I’m a fan of Andrew Hargodon and his writing on innovation. He’s at the
UC Davis Child Institute for Innovation and Entrepreneurship. I had the opportunity to meet him once but didn’t really get to chat. Believe it or not, I can be quiet at times. Recently, he discussed the Think/Do cycle again.

Reviewing current literature on the subject, he notes that innovation thinking has moved somewhat from coming up with lots of new ideas to “popular advice is starting to emphasize words like doing, testing, experimentation, prototyping, and iterating. The challenge is finding the balance.”

I have known people who take both types to the extreme.

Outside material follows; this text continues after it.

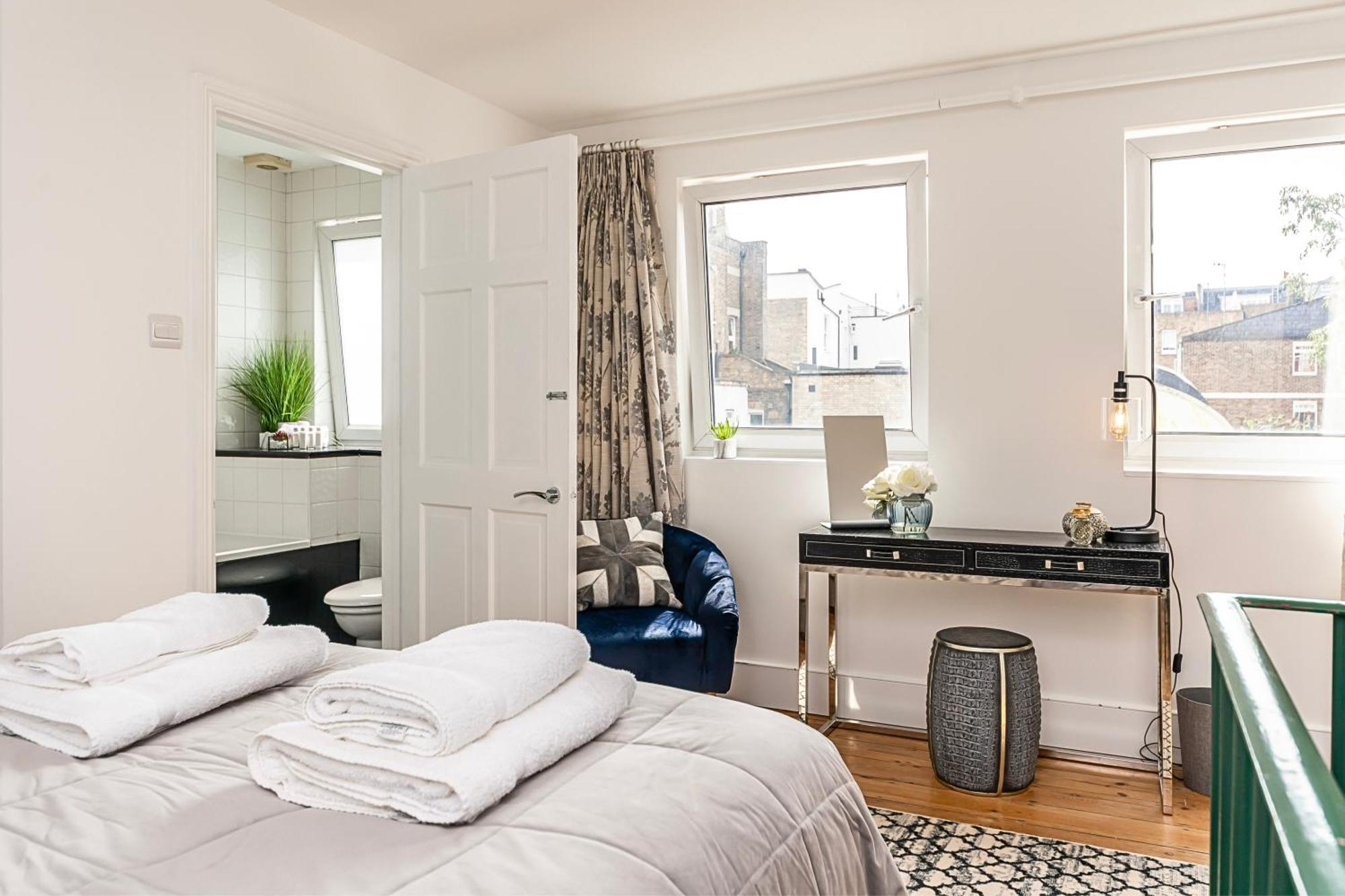 The Secret Kensington Garden Mews-2 Bedroom Full House-2 Train Lines- Spacious-Kings Road- Harrods -Chelsea Stadium-Private Small Patio 런던 외부 사진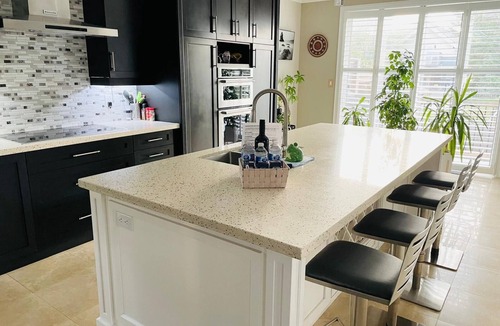 Gormley House | Exquisite 4 BDR Home with Office and Parking near Lake Wilcox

There are some who believe in just coming up with lots of bright ideas. Then it’s sort of a “Ready. Fire. Aim.” non-strategy–except that they never seem to get around to the “Aim” part.

There are other people, often but not always in big, bureaucratic companies, who practice “paralysis by analysis.”

Hargadon continues, “It’s a classic goldilocks problem. There’s an escalating cost to both thinking and doing. In the long run, spending too much time doing without thinking is as dangerous as too much thinking without doing.”

A good part of my early career was in product development. You’ve got to have ideas there! What I’ve always found (and maybe it’s just my personality type) is that you absorb ideas from everywhere you can. If you’re building Airstream trailers, go to a campground. Ask questions. Listen. Watch. Same for whatever product you’re working on. Customers, colleagues, competitors all have ideas. Then watch for technologies from outside your market area that might disrupt things for you.

But it does no good unless you actually build and market a product. And to do that, some strategic thinking is essential in order to assure that you are focused.

Traps
But, says Hargadon, “Here’s one of the traps: getting caught thinking and doing at the same time. This happens when you’re so focused on your next pivot that you don’t invest enough in what you’re doing now. While thinking and doing average out, the experience is far more binary. On or off.”

I’ve always found that focus is a critical component of success. When you lose focus, your efforts are diluted and you’ll miss the target.

Check out his complete post. Think about it. Then go do something.